Hello, I have a huge problem and I'm hopin someone can help. About 5 days ago, I started hearing running water in the ceiling. It starts in my bedroom and runs all the way across my apartment to the porch on the other side. It is non stop, at times it is incredibly loud and other times it is quieter, but it is always running. I've lived here for 3 years, and this is the first time this has happened. Also, there is no sign of water coming anywhere. I live on the second floor, and there is an apartment above me, so I'm not sure whats inbetween me and the upper apartment. I have called my landlord but have heard nothing about what they are doing.


----------



## Basementgeek (Feb 7, 2005)

Hi and welcome to TSF :wave:

Have you checked with people in the upstairs apartment? Maybe they left the water running and are out of town.

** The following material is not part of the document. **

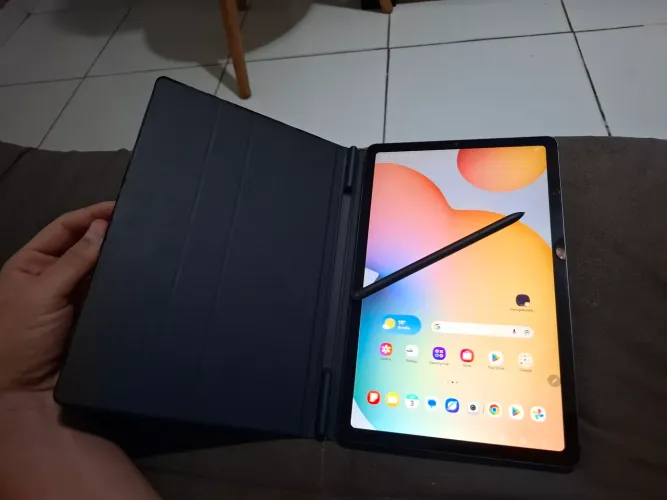 Tablet Samsung S6 Lite com caneta / ótimo para estudo e trabalho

Not much you can do, as a renter, other what you already did, call the landlord.

BG


----------



## speedster123 (Oct 18, 2006)

If its hot water heat, air in the system will make gurgling swishing sounds in the baseboard, radiators or heat lines. If this is the case, pressure might have to upped and the system bled.


----------



## rzimmerman30 (Dec 27, 2009)

Okay, so finally after a week of this the maintenance guy finally came. He said he thinks it is the heating pipes? So, I walked down to my storage where I can see the pipes I believe for heating, and I can hear it in those pipes too. However, I left for work just as he was getting here, and when I got home tonight of course it isn't fixed. So, does anyone know how I could fix this myself? It's a long ways until Monday when they get back in, and I can't stand this noise much longer.


----------



## speedster123 (Oct 18, 2006)

actually no, most likely the system needs to be purged with gate/hosebib valves by the circ.
pressure might need to be adjusted, perhaps the expansion tank drained.
this requires a service person with some experience.


----------